ACTIVITY: For this exercise, retype each line of the material below verbatim and omit any picture.

SUPPLIED MATERIAL:
• • • • •

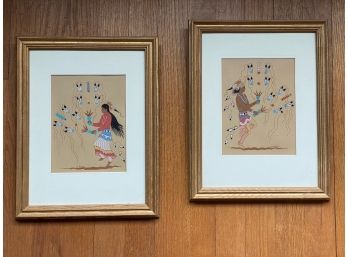 Navajo Artist Harrison Begay Collectable Framed Art Prints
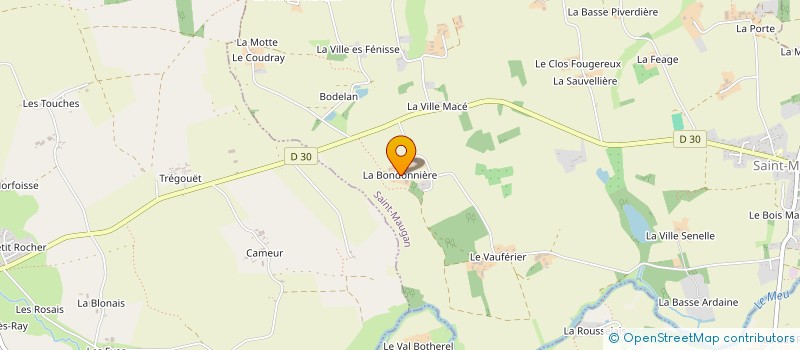 localisation de l'entreprise COLNOT-ROULLE  SAINT-MAUGAN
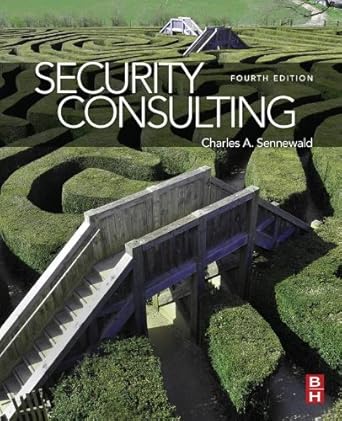 security consulting 1st edition charles a sennewald cpp b001ir1bgg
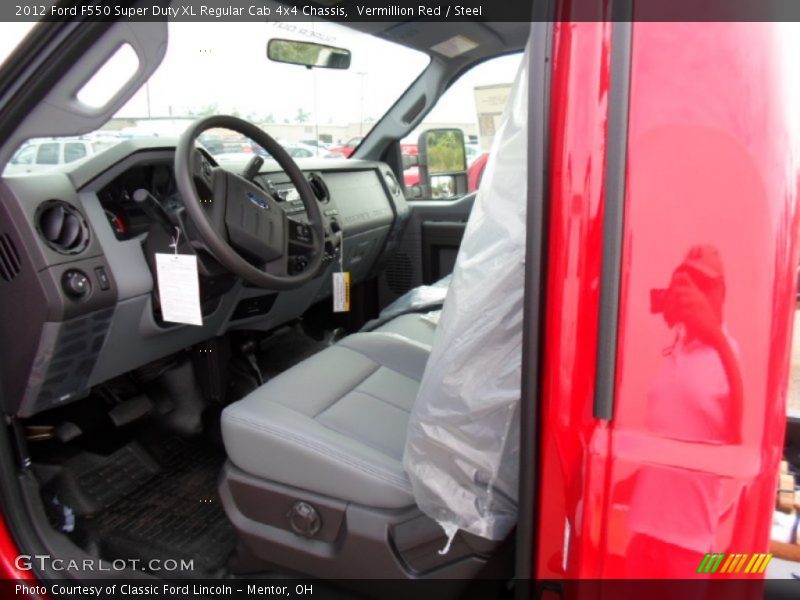 Vermillion Red / Steel 2012 Ford F550 Super Duty XL Regular Cab 4x4 Chassis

• • • • •

ANSWER SPACE:
 Navajo Artist Harrison Begay Collectable Framed Art Prints
 localisation de l'entreprise COLNOT-ROULLE  SAINT-MAUGAN
 security consulting 1st edition charles a sennewald cpp b001ir1bgg
 Vermillion Red / Steel 2012 Ford F550 Super Duty XL Regular Cab 4x4 Chassis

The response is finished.